From hopeful agreements to disillusioned peace? The effects of peace agreement implementation on women’s security and empowerment
Project leader: Erika Forsberg
In 2016, Colombia saw a considerable number of women participating in the peace process, working to ensure that both women and men would benefit from the peace. It was a hopeful scenario for achieving a more equal peace. But the experience in Colombia and in other cases have shown that a gender-aware agreement is not enough. Research suggests that during peace agreement implementation, the creation of a more peaceful society for men does not necessarily equal a more peaceful society for women. In addition, studies show that women may be more negative than men towards peacebuilding initiatives, including ex-combatant reintegration, amnesties, and truth commissions.
To investigate this, we look at experiences of men and women after war, including when peace agreements are implemented, and examine the post-conflict quality of the peace.
Gender, politics and violence in Thailand
Project participants: Elin Bjarnegård, Karen Brounéus, Erik Melander
Who decides to use violence in a political struggle? This important question has been the subject of surprisingly little systematic research. Most studies on the causes of collective violence within a state have used aggregate units of analysis, such as country-years or opposition movements. As a result, the explanations provided by these studies tend to be structural in character, for example pointing to poverty or economic dependency on natural-resource extraction. While such aggregate structural explanations help to identify societies at risk, they have little or no leverage when it comes to explaining who uses violence. We thus know very little about what distinguishes the small minority that engages in political violence from the large majority that does not. What sets participants in political violence apart from non-participants? This important puzzle is the focus of our research project. We investigate these issues using surveys in Thailand.
Masculinity, Nationalism and Military Service in a Conflict Zone: Surveys in Southern Thailand
Project leader: Erik Melander
This project investigates the relationships between masculine honor ideology and nationalism on the one hand, and military service in a context of active armed conflict on the other. The study examines opposite causal directions, i.e., (1) how masculine honor ideology and nationalism influence propensity to volunteer for military service in an active conflict zone; and (2) how military socialisation and experience of service in an active conflict zone influence masculine honor ideology and nationalism. Theory holds that individuals who more strongly embrace masculine honor ideology and nationalism are more likely to join a militant organisation and participate in violence. However, other arguments posit that the experience of being a member of a militant organisation, and experiencing violence, boost militarized masculinity and nationalism.

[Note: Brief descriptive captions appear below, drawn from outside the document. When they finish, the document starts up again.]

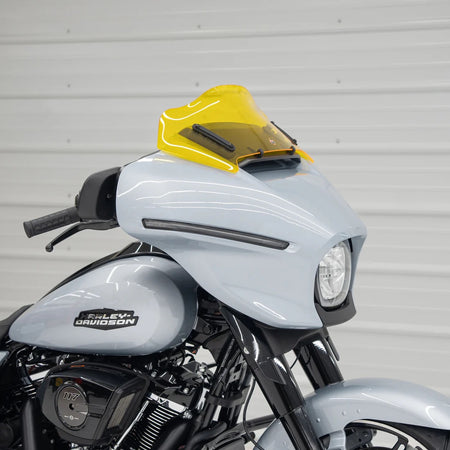 Klock Werks Kolor Flare® Windshield for Harley-Davidson® 2023.5-2026 Street Glide (FLHX)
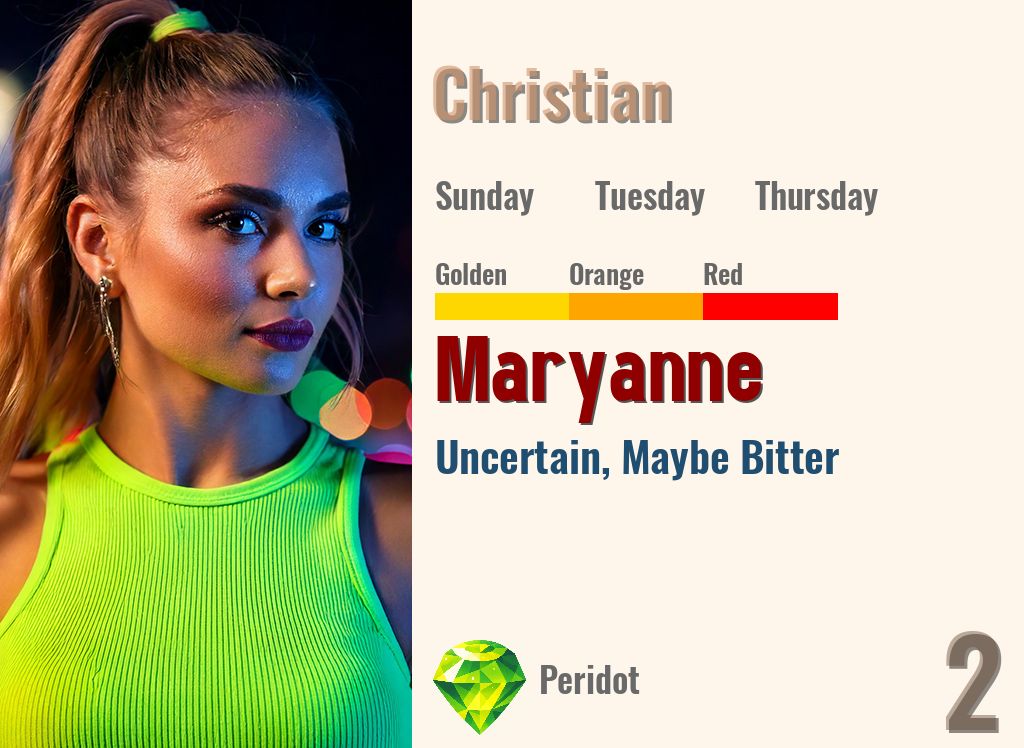 Maryanne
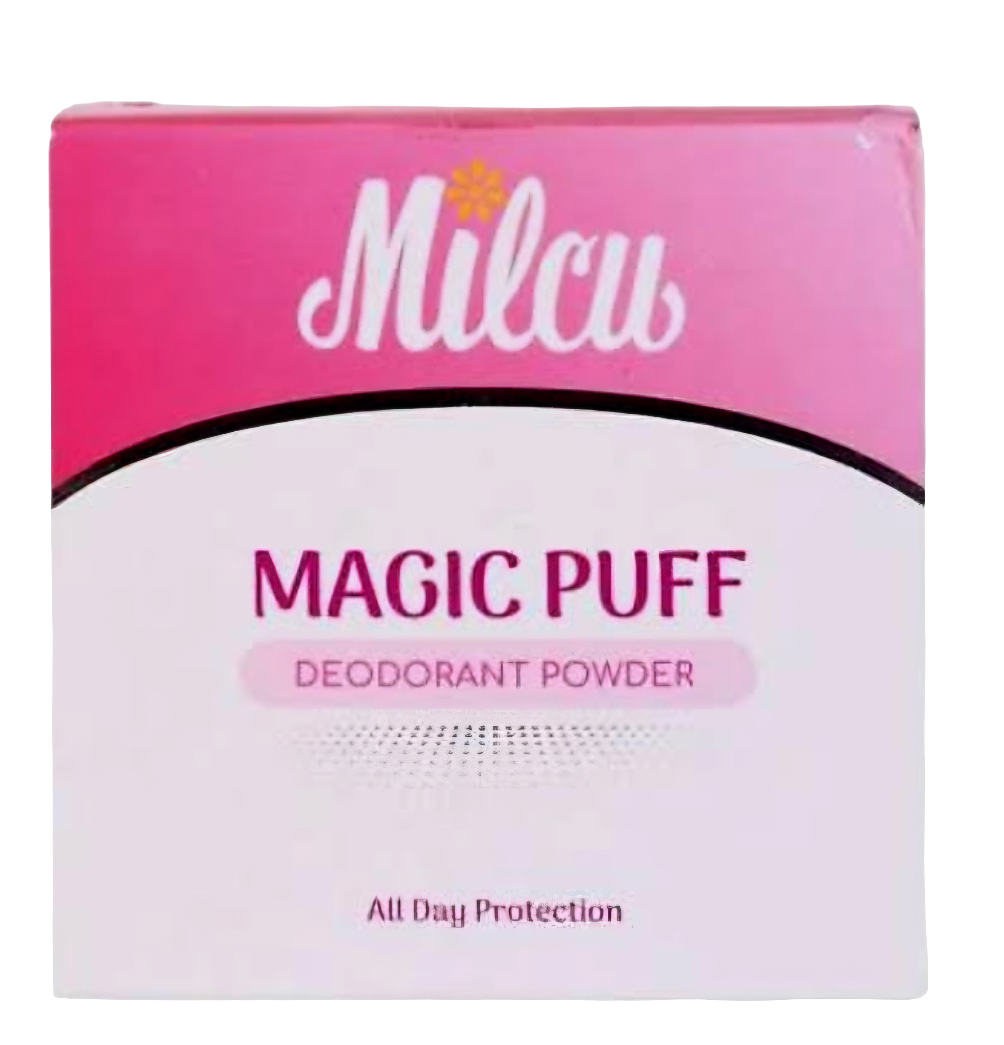 MILCU Magic Puff Deodorant Powder 40g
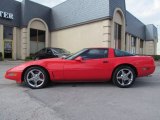 1996 Torch Red Chevrolet Corvette Coupe #55073573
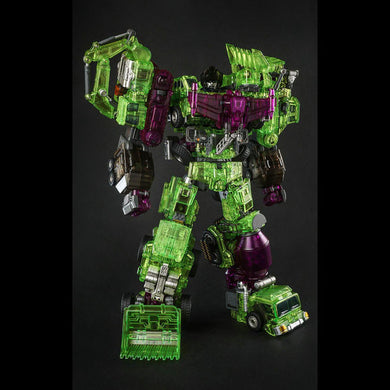 Generation Toy - Gravity Builder - GT-01GS Green Shadow - Set of 6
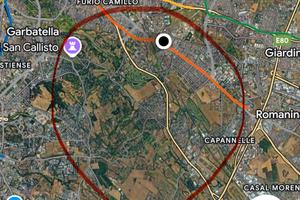 Terreno zona Roma Sud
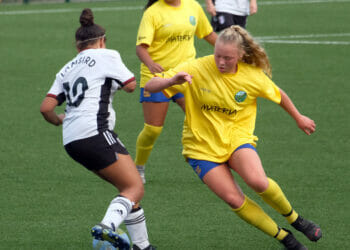 Ascot United Ladies FC Picture: Andrew Batt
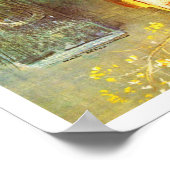 Sphere von Odilon Redon Poster (Ecke)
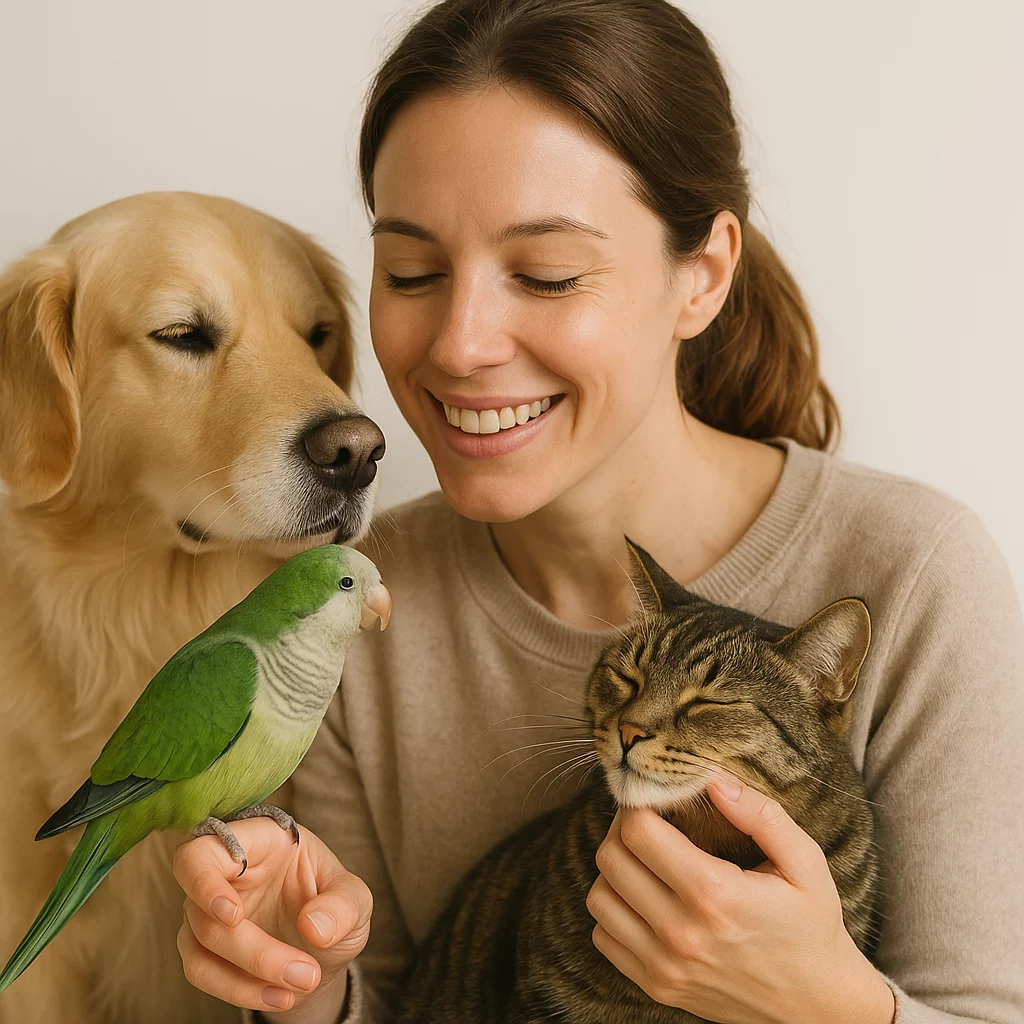 Cuidados Essenciais para Aves de Estimação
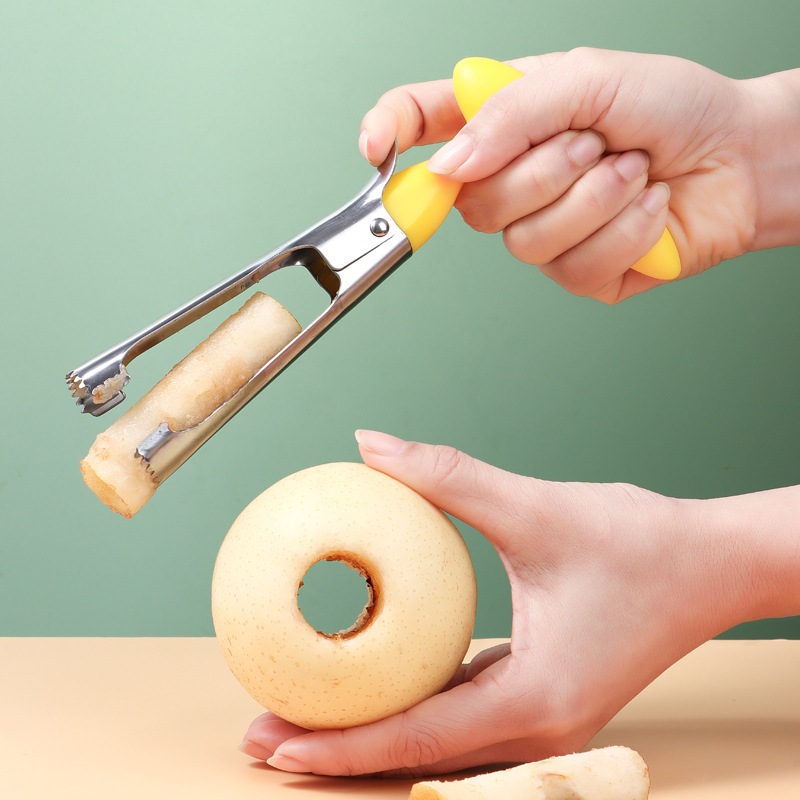 去梨核神器挖梨核神器雪梨挖孔器烤梨去核神器沙果苹果抽取芯工具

Project on Preventing Wartime Sexual Violence
Project leader: Angela Muvumba Sellström, Senior Researcher, Nordic Africa Institute (NAI) and Uppsala University (Leave of Absence).
This project arose first from the research initiative Disciplining Fighters: Understanding Armed Political Actors’ Control of Sexual Violence, funded by the Swedish Research Council (January 2016 - December 2018/Grant no. 2015-03094). The main purpose of the project is to explore how different actors stop or stem the commission of sexual violence. We seek to contribute to our wider understanding of the direct and indirect internal factors that lead to wartime rape, sexual exploitation and similar abuses. The work of the project entails assessing how some actors are able to discipline their fighters and how different conflict resolution processes effectively shape these practices. A core aim is to study the variation in causes of prevention among different types of non-state armed political actors such as rebel armies and armed liberation movements. The project’s data collection techniques include interviews and focus group research. The project on Preventing Sexual Violence also explores the ways that the global women, peace and security agenda intersects with the prevention of sexual violence among armed political actors. Although its funded phase is complete, the project continues to produce research and carry out cooperation with a range of institutions on the theme of preventing wartime sexual violence.
Gender, war trauma and peacebuilding
Project leader: Karen Brounéus
In this project, we seek to investigate the challenges of post-conflict peace-building processes by studying the complex (and possibly gendered) relationships between war-related trauma and attitudes towards peace-building, trust and co-existence after war. More specifically, the project investigates whether gendered differences in war trauma may have a direct link to the prevalence of psychological health problems such as PTSD and depression, which – in turn – may become significant hurdles to peacebuilding in the post-conflict phase.